Re: [RFC] /dev/ioasid uAPI proposal

Jason Gunthorpe <jgg@xxxxxxxxxx> · Thu, 3 Jun 2021 08:47:28 -0300

On Thu, Jun 03, 2021 at 06:49:20AM +0000, Tian, Kevin wrote:
> > From: David Gibson
> > Sent: Thursday, June 3, 2021 1:09 PM
> [...]
> > > > In this way the SW mode is the same as a HW mode with an infinite
> > > > cache.
> > > >
> > > > The collaposed shadow page table is really just a cache.
> > > >
> > >
> > > OK. One additional thing is that we may need a 'caching_mode"
> > > thing reported by /dev/ioasid, indicating whether invalidation is
> > > required when changing non-present to present. For hardware
> > > nesting it's not reported as the hardware IOMMU will walk the
> > > guest page table in cases of iotlb miss. For software nesting
> > > caching_mode is reported so the user must issue invalidation
> > > upon any change in guest page table so the kernel can update
> > > the shadow page table timely.
> > 
> > For the fist cut, I'd have the API assume that invalidates are
> > *always* required.  Some bypass to avoid them in cases where they're
> > not needed can be an additional extension.
> > 
> 
> Isn't a typical TLB semantics is that non-present entries are not
> cached thus invalidation is not required when making non-present
> to present?

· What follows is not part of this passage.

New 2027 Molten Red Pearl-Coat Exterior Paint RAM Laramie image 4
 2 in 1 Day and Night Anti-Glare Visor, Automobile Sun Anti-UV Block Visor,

It's true to both CPU TLB and IOMMU TLB. In reality
> I feel there are more usages built on hardware nesting than software
> nesting thus making default following hardware TLB behavior makes
> more sense...

>From a modelling perspective it makes sense to have the most general
be the default and if an implementation can elide certain steps then
describing those as additional behaviors on the universal baseline is
cleaner

I'm surprised to hear your remarks about the not-present though,
how does the vIOMMU emulation work if there are not hypervisor
invalidation traps for not-present/present transitions?

Jason